Michael Simkovic, a University of Southern California law professor who specializes in financial regulation, said that in the near term there would be plenty of work for law firms’ bankruptcy teams, with many crypto firms seeking to reorganize in the aftermath of the market downturn. But the longer term is less certain, he said.

The most convincing case for cryptocurrency has been demonstrated in its potential to accelerate and cut costs of money transfers and international transactions, Simkovic said. But some of that—no one is certain how much—is possible only because the industry is evading regulations, he said. And that can’t be a permanent strategy, he noted, because compliance will eventually be enforced.

“Cryptocurrency firms basically have to answer the question, ‘What is the value that they provide that existing financial institutions cannot provide just as well,’” he said, and the answer can’t just be that they skirt regulations.

The FTX crash is a singular case and doesn’t indicate that crypto technology itself is unviable, said Jeff Strnad, a Stanford law professor who teaches courses on blockchains and cryptocurrencies. FTX was a centralized exchange, he notes, contrasting it with Uniswap, a decentralized exchange that operates with no third party mediating transactions.

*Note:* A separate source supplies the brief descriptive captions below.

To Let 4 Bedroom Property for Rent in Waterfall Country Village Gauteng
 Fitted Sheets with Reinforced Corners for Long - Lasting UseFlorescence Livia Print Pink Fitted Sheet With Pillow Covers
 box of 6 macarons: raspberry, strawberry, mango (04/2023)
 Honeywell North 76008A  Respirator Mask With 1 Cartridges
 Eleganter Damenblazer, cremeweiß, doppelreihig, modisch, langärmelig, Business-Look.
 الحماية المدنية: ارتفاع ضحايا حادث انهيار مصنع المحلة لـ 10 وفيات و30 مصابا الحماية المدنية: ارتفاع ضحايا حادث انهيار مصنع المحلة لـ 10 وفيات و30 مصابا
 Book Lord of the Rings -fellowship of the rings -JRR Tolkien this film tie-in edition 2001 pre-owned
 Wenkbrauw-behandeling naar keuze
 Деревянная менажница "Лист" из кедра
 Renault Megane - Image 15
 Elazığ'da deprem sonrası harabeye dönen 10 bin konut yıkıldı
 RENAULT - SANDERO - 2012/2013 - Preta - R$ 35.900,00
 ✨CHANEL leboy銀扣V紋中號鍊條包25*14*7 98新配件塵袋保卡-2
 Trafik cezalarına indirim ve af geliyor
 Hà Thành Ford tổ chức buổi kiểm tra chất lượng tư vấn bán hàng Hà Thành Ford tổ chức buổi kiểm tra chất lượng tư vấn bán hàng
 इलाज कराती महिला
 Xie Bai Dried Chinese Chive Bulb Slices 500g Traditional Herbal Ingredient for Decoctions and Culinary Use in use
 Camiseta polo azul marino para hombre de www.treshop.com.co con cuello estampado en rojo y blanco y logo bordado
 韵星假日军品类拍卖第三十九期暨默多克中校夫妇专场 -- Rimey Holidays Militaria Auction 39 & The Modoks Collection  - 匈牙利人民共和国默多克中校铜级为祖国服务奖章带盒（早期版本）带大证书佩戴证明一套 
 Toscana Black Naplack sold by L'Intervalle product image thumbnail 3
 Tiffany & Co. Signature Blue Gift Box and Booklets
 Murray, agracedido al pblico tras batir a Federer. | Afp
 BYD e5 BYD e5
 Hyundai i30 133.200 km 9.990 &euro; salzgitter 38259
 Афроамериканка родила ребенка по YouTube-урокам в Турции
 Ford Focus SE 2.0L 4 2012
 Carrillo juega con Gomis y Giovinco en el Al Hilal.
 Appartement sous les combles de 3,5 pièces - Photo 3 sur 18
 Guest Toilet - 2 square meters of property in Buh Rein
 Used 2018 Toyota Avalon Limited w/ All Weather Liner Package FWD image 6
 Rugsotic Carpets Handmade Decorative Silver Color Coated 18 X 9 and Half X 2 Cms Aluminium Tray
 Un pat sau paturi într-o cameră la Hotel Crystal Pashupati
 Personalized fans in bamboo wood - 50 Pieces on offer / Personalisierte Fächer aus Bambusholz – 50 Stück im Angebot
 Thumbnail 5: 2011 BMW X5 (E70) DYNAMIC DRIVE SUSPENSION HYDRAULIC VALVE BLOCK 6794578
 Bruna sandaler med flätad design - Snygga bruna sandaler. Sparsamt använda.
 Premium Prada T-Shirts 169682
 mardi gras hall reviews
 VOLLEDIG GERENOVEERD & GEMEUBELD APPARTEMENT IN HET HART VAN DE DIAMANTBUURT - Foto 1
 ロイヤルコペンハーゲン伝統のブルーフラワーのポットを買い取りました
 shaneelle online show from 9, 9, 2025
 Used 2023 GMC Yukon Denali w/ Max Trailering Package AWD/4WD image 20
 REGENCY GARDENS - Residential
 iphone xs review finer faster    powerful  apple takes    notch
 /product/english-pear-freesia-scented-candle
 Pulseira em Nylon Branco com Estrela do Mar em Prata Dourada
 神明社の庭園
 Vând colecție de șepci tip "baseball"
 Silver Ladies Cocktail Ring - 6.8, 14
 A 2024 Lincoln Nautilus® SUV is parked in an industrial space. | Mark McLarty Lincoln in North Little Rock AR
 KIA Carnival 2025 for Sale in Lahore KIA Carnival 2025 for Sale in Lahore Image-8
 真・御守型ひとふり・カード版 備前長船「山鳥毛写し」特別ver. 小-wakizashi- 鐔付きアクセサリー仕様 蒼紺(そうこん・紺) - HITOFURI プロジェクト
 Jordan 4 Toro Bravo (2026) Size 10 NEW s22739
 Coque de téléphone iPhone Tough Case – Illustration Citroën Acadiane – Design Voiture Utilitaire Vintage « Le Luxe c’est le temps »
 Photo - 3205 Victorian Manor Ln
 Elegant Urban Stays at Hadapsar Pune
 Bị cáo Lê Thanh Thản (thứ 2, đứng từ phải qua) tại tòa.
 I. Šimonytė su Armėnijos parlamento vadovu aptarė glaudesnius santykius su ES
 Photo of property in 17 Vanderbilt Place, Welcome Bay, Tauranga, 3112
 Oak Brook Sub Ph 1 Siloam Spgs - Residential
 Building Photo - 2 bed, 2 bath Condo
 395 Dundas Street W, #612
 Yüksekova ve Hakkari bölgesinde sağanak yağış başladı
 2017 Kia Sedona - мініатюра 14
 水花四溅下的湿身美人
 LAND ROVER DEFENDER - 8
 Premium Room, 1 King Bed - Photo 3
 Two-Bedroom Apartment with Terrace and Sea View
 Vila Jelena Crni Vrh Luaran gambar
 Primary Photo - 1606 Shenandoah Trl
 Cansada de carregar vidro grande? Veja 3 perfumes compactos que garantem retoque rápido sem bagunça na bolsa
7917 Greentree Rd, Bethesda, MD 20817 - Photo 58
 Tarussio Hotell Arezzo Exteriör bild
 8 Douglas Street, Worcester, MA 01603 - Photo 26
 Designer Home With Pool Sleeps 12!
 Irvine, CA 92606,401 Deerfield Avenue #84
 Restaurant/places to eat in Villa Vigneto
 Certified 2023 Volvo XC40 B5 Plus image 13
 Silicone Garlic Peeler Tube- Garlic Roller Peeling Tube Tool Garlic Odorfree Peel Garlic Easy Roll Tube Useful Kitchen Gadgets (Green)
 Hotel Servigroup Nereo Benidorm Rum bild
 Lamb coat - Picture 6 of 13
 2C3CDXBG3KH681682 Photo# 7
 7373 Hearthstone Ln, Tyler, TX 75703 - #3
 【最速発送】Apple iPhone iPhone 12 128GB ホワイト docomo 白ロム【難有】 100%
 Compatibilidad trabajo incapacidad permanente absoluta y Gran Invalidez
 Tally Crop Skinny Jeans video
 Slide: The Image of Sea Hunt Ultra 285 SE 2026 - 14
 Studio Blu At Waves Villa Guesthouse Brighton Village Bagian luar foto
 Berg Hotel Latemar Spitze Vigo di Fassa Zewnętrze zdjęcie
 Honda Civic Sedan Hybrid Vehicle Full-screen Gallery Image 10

While the FTX debacle appears to have little to do with the underlying crypto technology, the scandal has affected funding to the sector, he said. Crypto projects have been pulled or have had funding cut, meaning startups have less money to afford lawyers, he said. Technological developments will also be delayed, but not stopped. Eventually, he predicted, the funding will come back.

Regulatory Flux

Government regulation, a major driver of law firms’ work, remains undeveloped, Strnad said. That means crypto projects face a gray area rife with potential problems.

Startups may be uncertain about whether their products qualify as securities—and therefore fall under the jurisdiction of the Securities and Exchange Commission—or if they would instead be classified as commodities and fall under the oversight of the Commodity Futures Trading Commission. In fact, the two agencies are themselves angling for primacy in crypto regulation, and Congress and the courts haven’t weighed in on the question in an authoritative fashion.

Under the circumstances, the attorney’s role is to outline multiple scenarios stemming from that ambiguity. The extra possibilities that attorneys need to explore, Strnad said, mean extra work, and therefore more business.

Even if regulatory oversight becomes clearer, however, clients may still be confused about what the restrictions are or how to comply.

“If I’m advising a CEO or something like that—they’ve got to do this,” Strnad said of crypto firms hiring legal aid. “You don’t want to go out there and just close your eyes.”